One of the mini satellites, known as cubesats, has the job of helping researchers test optical communication techniques in satellites. The cubesat will use LEDs to first twinkle like an artificial star and eventually blink in Morse Code.

The cubesat is known as FITSAT-1 and was developed by Japan's Fukuoka Institute of Technology (FIT). It weighs just under three pounds and carries high output, 200 watt LEDs that will turn the cube into a flashing Morse code beacon.

Project leader Takushi Tanaka, an FIT professor of computer science and engineering discusses one of the most exciting elements of the project on the FITSAT-1 website:

"These [Morse code flashes], we hope, will be observable by the unaided eye or with small binoculars," Tanaka says.
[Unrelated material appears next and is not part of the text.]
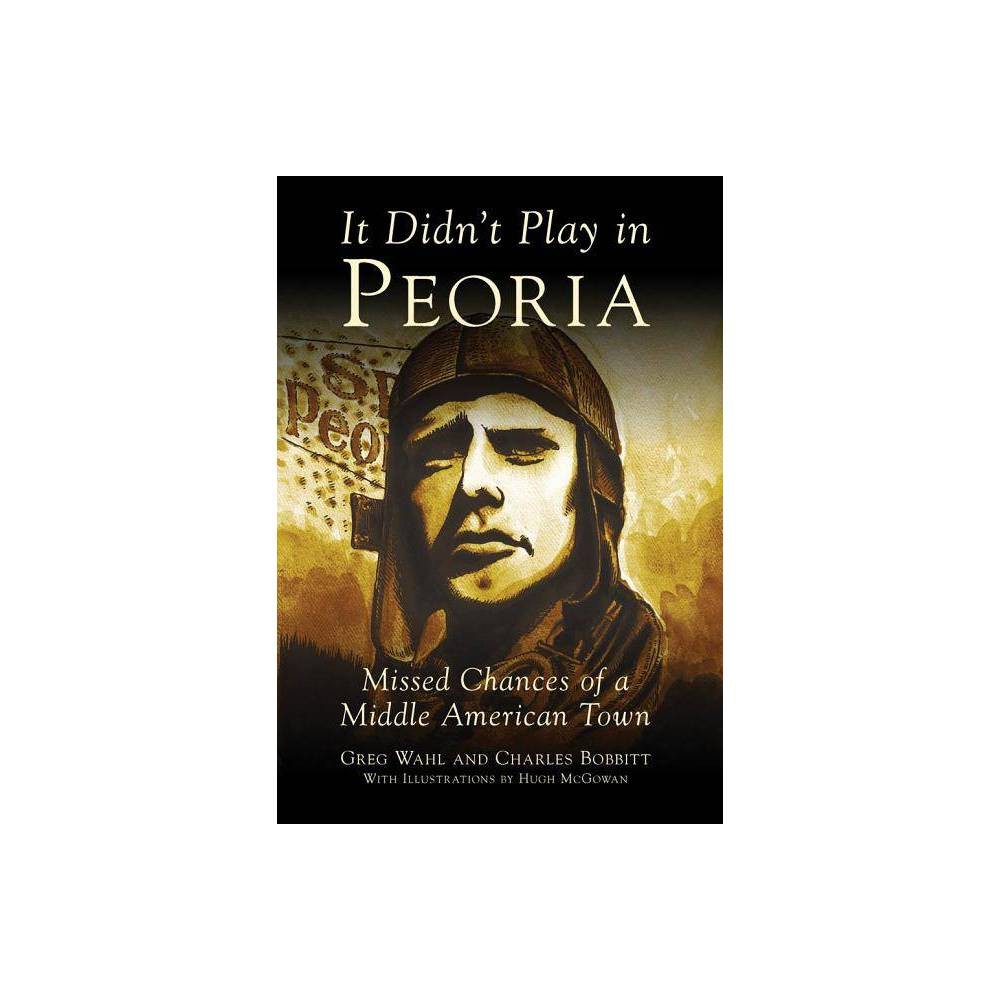 ISBN 9780738525709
It is expected the FITSAT-1 will be deployed from the ISS on September 6, by Japanese astronaut Akihiko Hoshide, using the Kibo module's robotic arm. Once in orbit the FITSAT-1 will travel between 51.6 degrees south latitude and 51.6 degrees north latitude, according to researchers.
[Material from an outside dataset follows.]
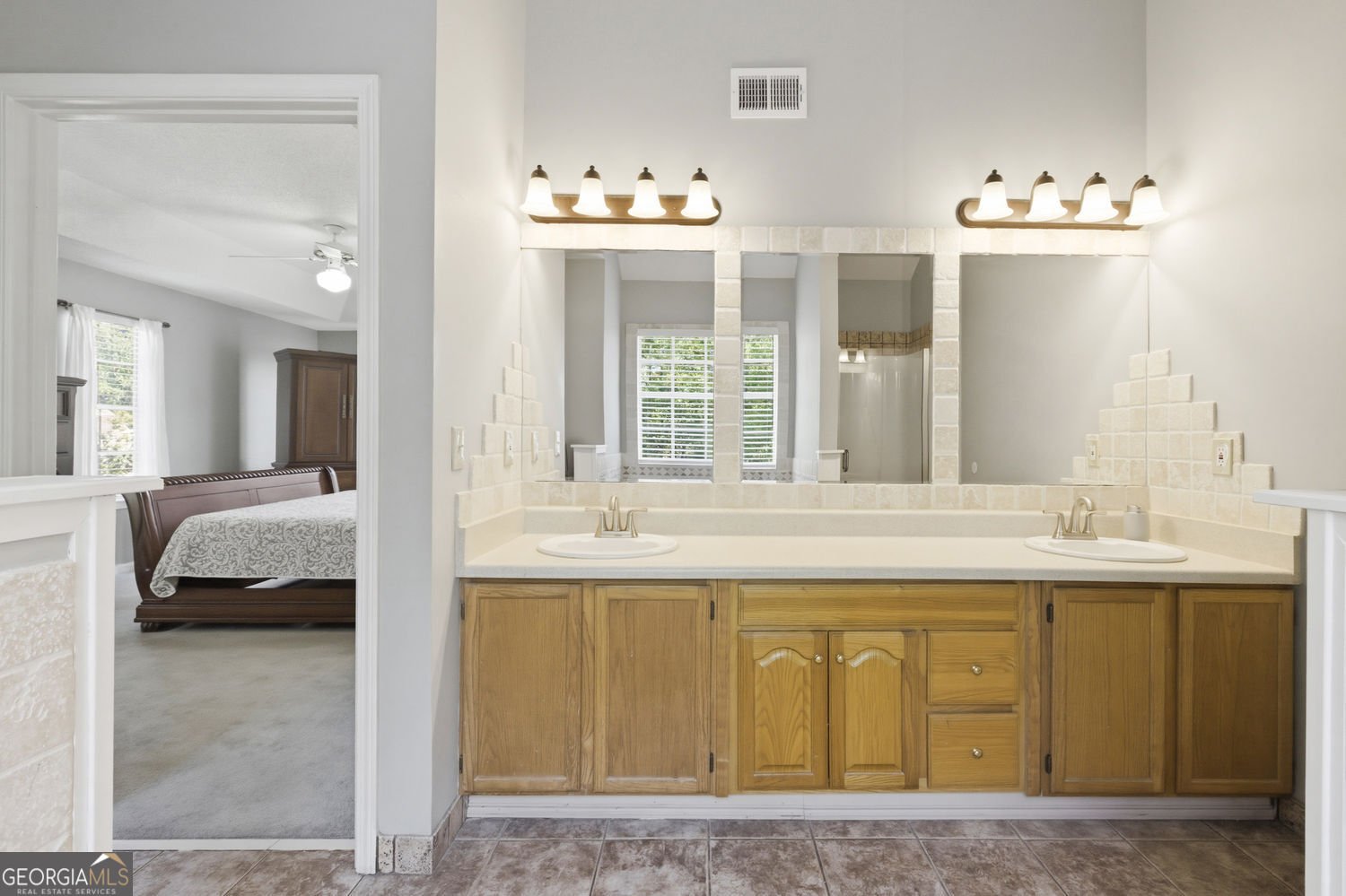 1880 Rocksram Drive Buford - Photo 27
The orbit and orientation is important to the success of the project. The tiny satellite contains a neodymium magnet that will always point it to magnetic north. This way, when the satellite rises above the horizon it will be to the south of the FIT ground station.

The flashing lights and Morse code signals from the FITSAT-1 will be received by the FIT ground station telescope and photo-multiplier device linked to an antenna. The ground gear and the satellite's LEDs will be aligned so the ground will receive the main beams.

The FITSAT-1 project will conduct high-speed and optical communication experiments for three minutes as the satellite moves through orbit, to prove the viability of optical communication with satellites.

Tanaka's website has additional detailed information on the construction of the FITSAT-1, communication frequencies and what it will be transmitting during the testing.

Seeing the little satellite in action firsthand might be challenging, but even if we only get to see the sky's newest inhabitant work via video from Tanaka's lab, it's cool to know we can wish upon a whole new star!